In the present embodiment, the main burner 31 has an outer cylinder 310 and an inner cylinder 312 that are arranged concentrically along the central axis 302. As shown in the figure, the inner cylinder 312 also serves as a combustion air injection cylinder 322b of a pilot burner 32 described later. An annular space between the outer cylinder 310 and the inner cylinder 312 is used as a premixing channel 314 for mixing fuel and combustion air. The pilot burner 32 includes a fuel injection cylinder 322a extending along the central axis 302 and a combustion air injection cylinder 322b concentrically mounted on the fuel injection cylinder 322a, and a fuel injection path formed in the fuel injection cylinder 322a. (Not shown) is connected to the first fuel supply source 305 via a pipe 304b including a flow rate adjustment valve.
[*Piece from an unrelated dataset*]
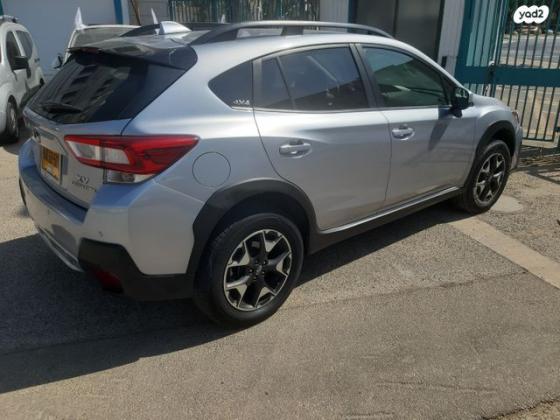 סובארו XV 4X4 Crosstrek אוט' 2.0 (152 כ''ס) בנזין 2019 למכירה ברעננה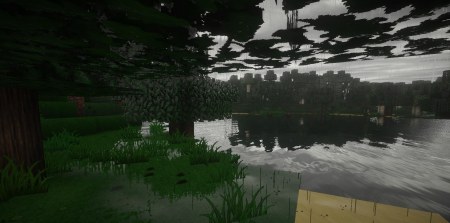 Сборка Shaders 1.7.5 (чистый клиент с шейдерами)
By opening the flow rate adjustment valve at the time of startup, the first fuel supply source 305 The supplied natural gas is injected into the combustion chamber 33. An annular air flow path 324 is formed between the fuel injection cylinder 322a and the combustion air injection cylinder 322b, one end of which is connected to the combustion air flow path 37 and the other end is connected to the combustion chamber 33. The combustion air 200 supplied from the compressor is injected into the combustion chamber 33.

The premix channel 314 has one end opened to the combustion chamber 33 and the other end opened to the combustion air channel 37 through the plurality of air intake ports 315 toward the radially outer side. A plurality of main fuel nozzles 316 for ejecting the first fuel are arranged outside the air intake port 315 in the radial direction. Although not shown, the plurality of air intake ports 315 and the plurality of main fuel nozzles 316 corresponding to the plurality of air intake ports 315 are preferably arranged at equal intervals in the circumferential direction around the central axis 302.

Each main fuel nozzle 316 is formed with a plurality of fuel injection holes (not shown) for injecting the first fuel toward the air intake 315 at a portion facing the air intake 315, while adjusting the flow rate. It is connected to the first fuel supply source 305 through a pipe 304a including a valve. Thus, the fuel supplied from the first fuel supply source 305 and the combustion air 200 supplied from the combustion air flow path 37 together with the combustion air 200 supplied from the first fuel supply source 305 are opened by opening the flow rate adjustment valve during normal operation. 315 is supplied to the premixing flow path 314 and mixed in the premixing flow path 314, and the premixed gas is injected into the combustion chamber 33. In the present embodiment, the air intake 315 is provided with a plurality of swirl vanes (swirlers) that impart a swirl force to the combustion air 200 flowing into the premixing flow path 314 to promote premixing with the first fuel. 317 is provided.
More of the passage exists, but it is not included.